North Korea did not pick up the first call to start the day on Monday at the inter-Korean joint liaison office in Kaesong. This marks the first time that Pyongyang has refused to answer the phone since the office was established in September 2018. The hotline remained open early last year even when the North sent the personnel back into office after pulling them out after the rupture in Hanoi. It was on Friday that the Democratic Front for the Reunification of Korea announced to shut down the liaison office following the “order” from Kim Yo Jong and the effect turned out to be immediate starting on Monday.
The refusal to answer the phone should probably be the first step towards the shutdown of liaison office as warned in Kim Yo Jong’s statement last Thursday. It is an ominous forecast that the next steps could be the complete destruction of the Kaesong industrial park and the abrogation of the September 19 military agreement between the two Koreas. Notably, the North kept operational the military communication line in the East and West seas as well as the international merchant ships network. It is highly likely that Pyongyang will steadily crank up the intensity of pressure, cutting off the military communications and terminating the military pact eventually.
North Korea’s Seoul-bashing is expected to continue until the end of this month. Now that North Korean defectors in the South are preparing to disseminate one million leaflets to North Korea on June 25 to commemorate the 70th anniversary of the Korean War, Pyongyang will be watching the responses from Seoul before finalizing its stance on leaflets-sending. The North is also beefing up solidarity internally, holding mass rallies every day. North Korean media are pouring expletives against the South, accusing it of doing “unbecoming acts like an imbecile” while blustering to go to any length for confrontation.
Against this backdrop, however, the South continues to fall back on appeasement. A South Korean deputy minister of unification visited the DMZ forest restoration site, and the leaders of the ruling party vowed to swiftly handle the ban on leaflets dissemination against the North. In the face of the senseless remarks from Pyongyang, they urge to refrain from making emotional responses while accusing the opposition party of “driving a wedge between the people and the government.” The son of a former president questioned the true intention of the North Korean defectors in question. Each of those cases attests to how the leaders in Seoul become tamed by the North.
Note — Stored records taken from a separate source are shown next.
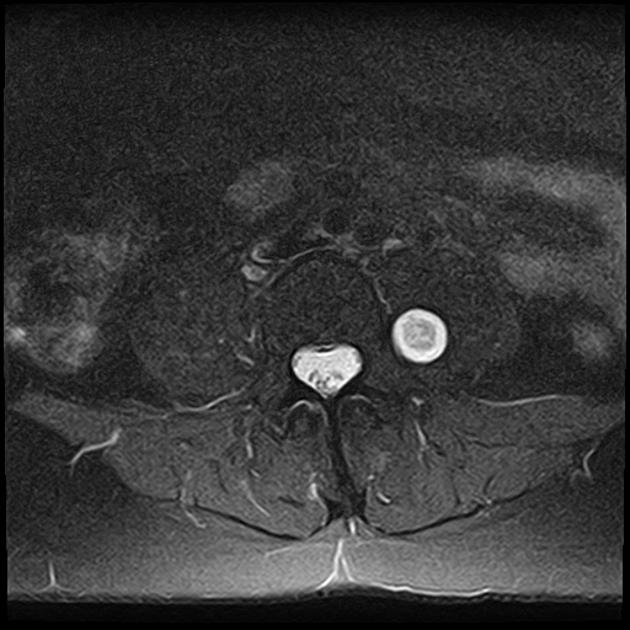 A close-up of an mri AI-generated content may be incorrect.
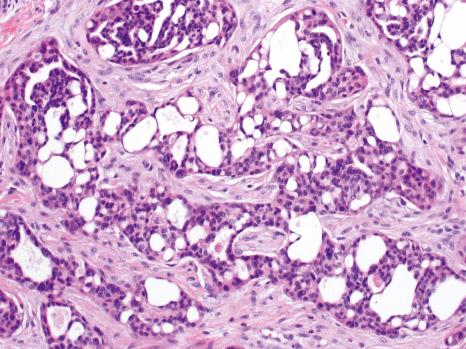 Fig. 33.33, Primary cutaneous cribriform apocrine carcinoma: it is composed of small epithelioid cells without nuclear pleomorphism. Prominent duct formation gives rise to the cribriform appearances.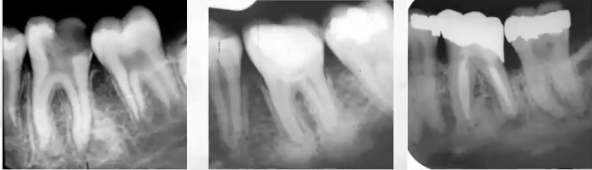 <p>Focal (chronic) sclerosing osteomyelitis —&gt; large restoration, caries, and infection</p>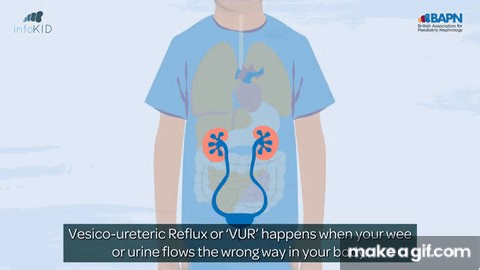 What is vesicoureteral reflux (VUR)? | Kidney disease | infoKID on Make a GIF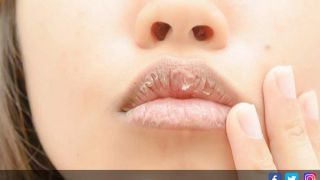 Cegah Bibir Kering Saat Puasa dengan 5 Cara Alami Ini - JPNN.com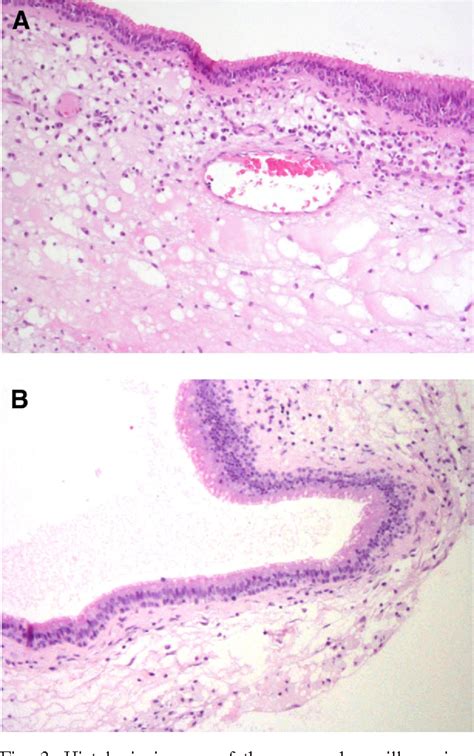 Figure From Root Resorption Caused By A Maxillary Sinus Mucocele A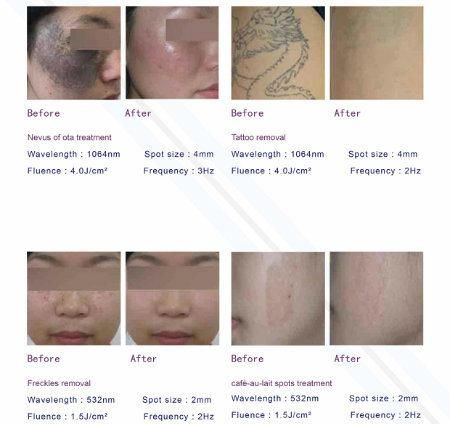 Consultant Be Best Selling Product 2022 in Europe Laser Tattoo Removal Q-Switched ND: YAG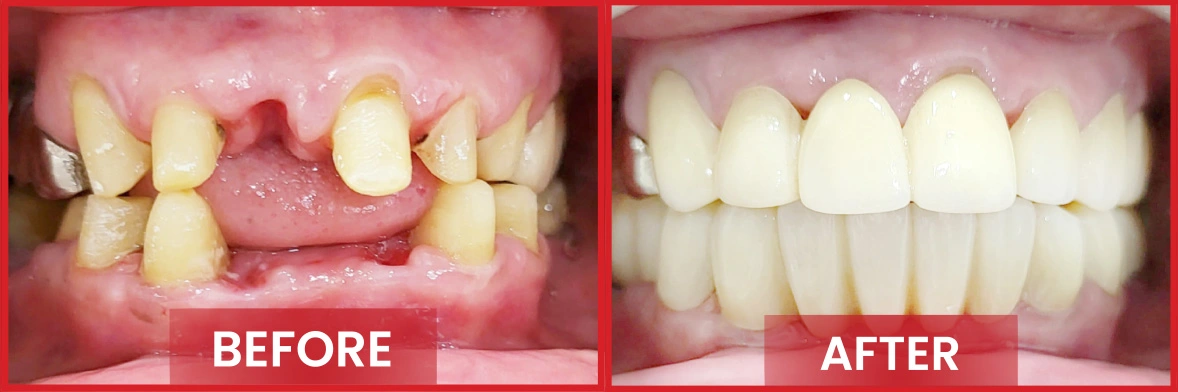 dental implants before and after 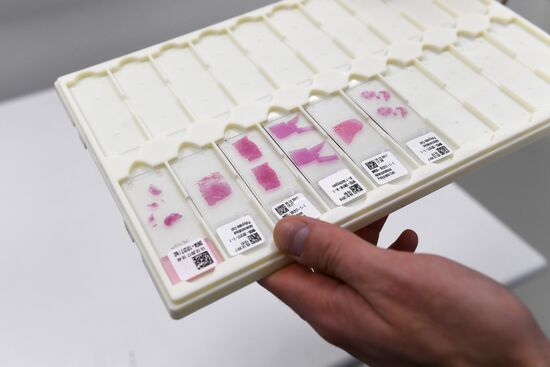Cancer diagnosis digital laboratory opens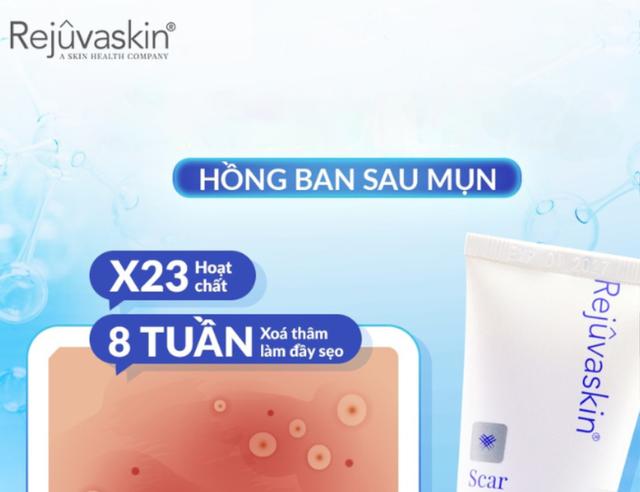 Da hết mụn mà vẫn loang lổ đỏ hồng? 90% chị em đang bỏ qua bước này! - Ảnh 1.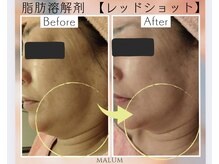 マールム(MALUM)の雰囲気（脂肪を減少 レッドショットが「フェイスライン」などをタイトに）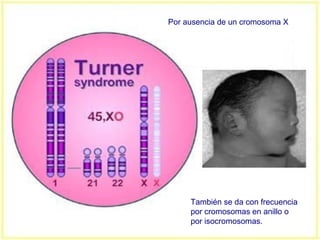 También se da con frecuencia
por cromosomas en anillo o
por isocromosomas.
Por ausencia de un cromosoma X
 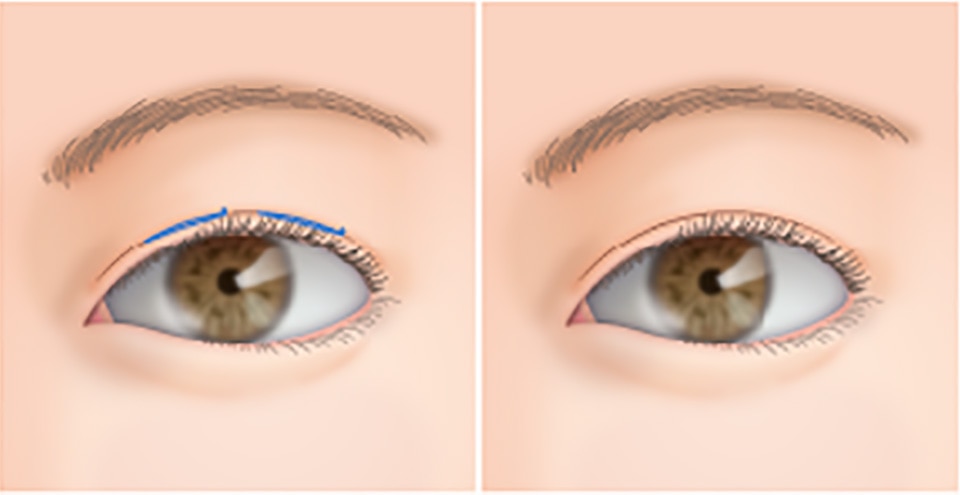 皮膚のたるみが多い場合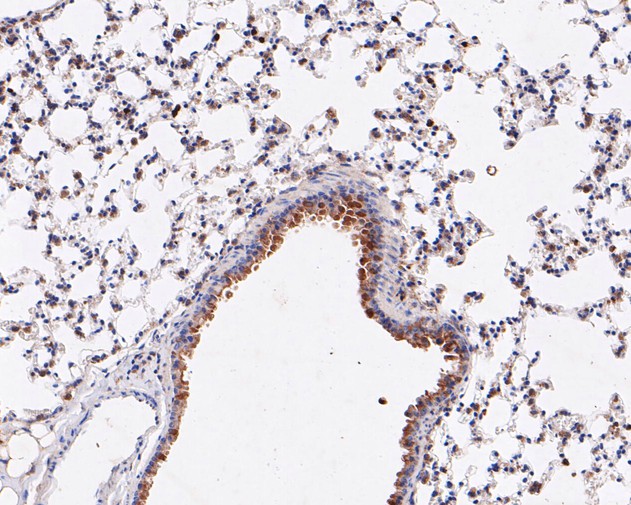 Paraformaldehyde-fixed, paraffin embedded Mouse liver; Antigen retrieval by boiling in sodium citrate buffer (pH6.0) for 15min; Block endogenous peroxidase by 3% hydrogen peroxide for 20 minutes; Blocking buffer (normal goat serum) at 37°C for 30min; Antibody incubation with ARF5 Monoclonal Antibody, Unconjugated (bsm-54720R) at 1:50 for 30 minutes at room temperature, DAB staining.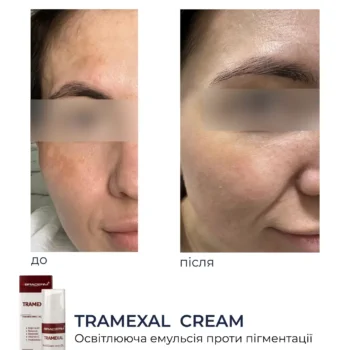 22 - Освітлюючий крем проти пігментації Braderm Tramexal Cream 30мл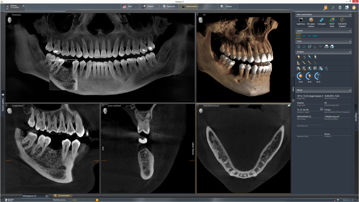 Mynd Orthophos S 3D röntgentæki
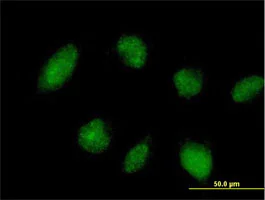 Immunocytochemistry/ Immunofluorescence - Anti-TRIM45 antibody (AB169036)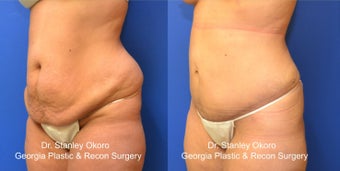 Mini Tummy Tuck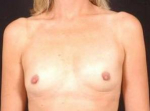 Breast Augmentation 410 - Case #13 Before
What the North is really after is America’s presidential election, which is only five months away. Trump’s re-election matters a great deal to Pyongyang, which considers the presidential election as opportunity to make its presence felt. For Pyongyang, Seoul is merely a stepping stone, and this time the North wants to render it incapacitated. Seoul’s policy that is bent on pacifying the North will only fuel its brinkmanship.